Of course, being in Nice during a Eurosummit (have no fear all the others
will now take place in Brussels) produces its own cloudburst.
The French police have been trained by Serbias finest thugs and
they even go to the extreme of welding shut the sewers during the summit,
closing the stations, the border, imposing a red zone to
keep people out and woe betide anyone who wants a cafe creme in a sidewalk
cafe. They just wade in and belt the life out of you anyway. Cops really
know how to make your day in Nice.
So, you go to Port Grimaud, around two hours away on the scenic route.

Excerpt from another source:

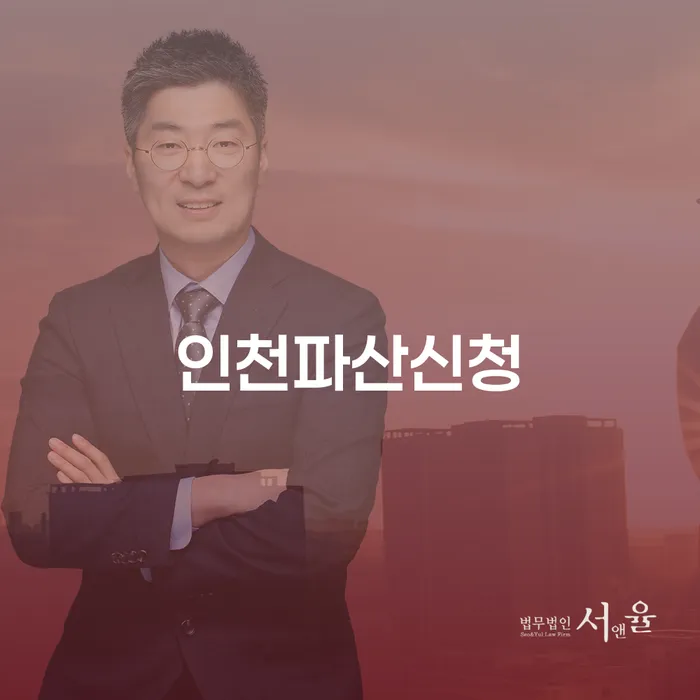 개인파산선고 개인회생으로 방법 해결 할 수 있을까?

This is your place of choice to rid yourself of SAD (seasonal affective
disorder) and here, in the winter sunshine you can place a layer of
vitamin D enriched carcinogens upon your face. Port Grimaud is one of
those sixties dream concepts - around 3000 homes in a water setting
that resembles a Mediterranean Venetian village. Unlike a real village
however, in winter is is empty, with bored security guards staring out
of their windows at the scudding clouds.
No matter, you are here, the sun is out and you are hungry. Finding
a restaurant that is actually open from Port Grimaud to St Tropez requires
cunning however; and cash. No one takes credit cards (Carte Blanche)
in winter and if you see someone else approaching the same restaurant
as you, run like hell, there will only be one table left and it is YOURS!.
Naturally you will be shocked by the prices of the food, but it will
be excellent and if you want to eat in the old port of St Tropez, just
be grateful that they are open at all. Pagnol, situated on one of the
narrow terraced streets of the Vieux Port is one such place. The place
is warm, the service friendly, the music contemporary low key jazz.
(Its a pleasant curiosity that Cote dAzure restaurants place
pretty good CDs at night and you can pretty much choose your food with
what kind of music you want to hear).
Staying in Port Grimaud does beg one question however. Why does one
live in England at all? Even a winter in the community of ghosts is
better than the daily interface with the hell that is English weather.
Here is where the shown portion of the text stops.